Americans are united in professing respect for the Constitution, but they are deeply divided over what it actually means and how it ought to be interpreted. These disagreements have roiled our public life for decades. Everybody who follows politics knows about the clashes between the liberal proponents of judicial activism and the conservative defenders of judicial deference. These arguments go on and on, with neither side succeeding in persuading the other of the superior merits of its theory. Faced with this ongoing deadlock, we wonder if there is any way to achieve unity on the meaning of the Constitution.

Perhaps some new approach could break this impasse. This is the worthy purpose of Randy Barnett’s new book. The Georgetown law professor has risen to national prominence over the last several years as a defender of what might be called a libertarian constitutionalism. He has played this role both as a litigator (he helped craft the constitutional challenge to the Affordable Care Act) and as a theorist (he is the author of earlier scholarly books such as 1998’s The Structure of Liberty and 2003’s Restoring the Lost Constitution). In Our Republican Constitution: Securing the Liberty and Sovereignty of We the People, he addresses his arguments to a wider and more popular audience than the lawyers, judges, and academics who had been the primary target of his earlier work.

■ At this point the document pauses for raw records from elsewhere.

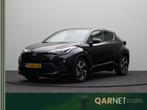 Toyota C-HR 1.8 Hybrid Style | Stuur & Vooruit verwarming |, Stof, Euro 6, 4 cilinders, Adaptive Cruise Control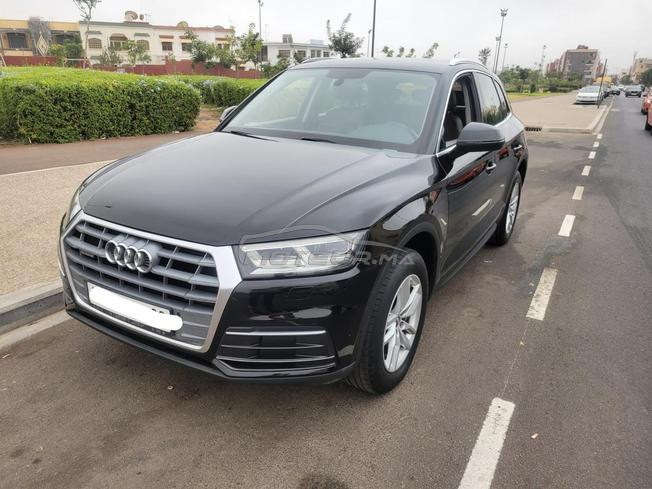 Audi Q5 Diesel 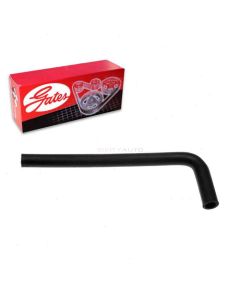 Gates HVAC Heater Hose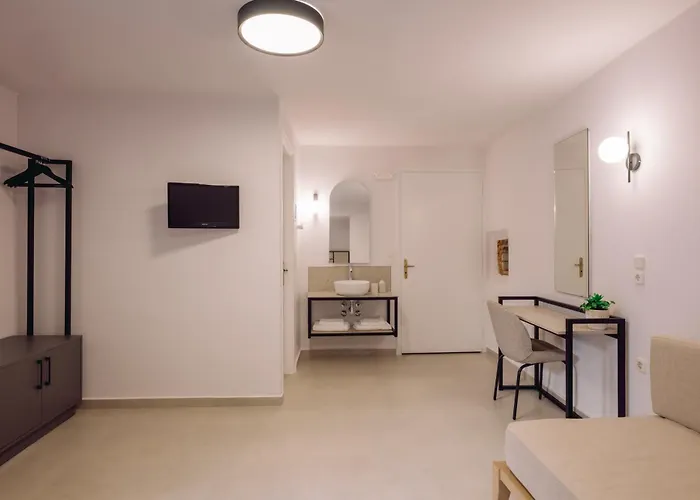 Casa Veneta 3* Chania (Crete)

According to Barnett, we have largely forgotten the real meaning of the Constitution, and our politics has suffered as a result. Specifically, too many Americans are under the spell of what Barnett calls the Democratic Constitution. According to this view, the primary purpose of the Constitution is to enable the political majority—or various passing political majorities—to govern the country. Accompanying this understanding, says Barnett, is a belief in the propriety of judicial deference, the sense that judges should only rarely and with great hesitation presume to nullify the acts of the people’s elected representatives. America, after all, is a democracy. This means that the people get to rule, so judges should stay out of their way except in extraordinary instances. The problem with judicial deference, however, is that it often leaves the rights of individuals and minorities without adequate protection.

Barnett calls upon us to correct this error and avoid these dangers by returning to the Constitution as the Founders understood it. The Founders, it seems, intended something far different from what is usually supposed by the adherents of the Democratic Constitution. They were not primarily interested in establishing the conditions of democratic self-government. On the contrary, they were disillusioned with democracy by the extremely democratic state governments’ unruly behavior under the Articles of Confederation. From their experience of the misconduct of the states, the Founders learned that democratic government, rule by political majorities, all too often results in the oppression of the politically powerless.

As a remedy to this problem, the Founders sought to create what Barnett terms a Republican Constitution. The purpose of such a constitution is not so much to enable majority rule as to protect the rights of individuals, the natural rights that the Founders, following John Locke, believed human beings to possess by virtue of their humanity, and that they retain even when they have entered into civil society.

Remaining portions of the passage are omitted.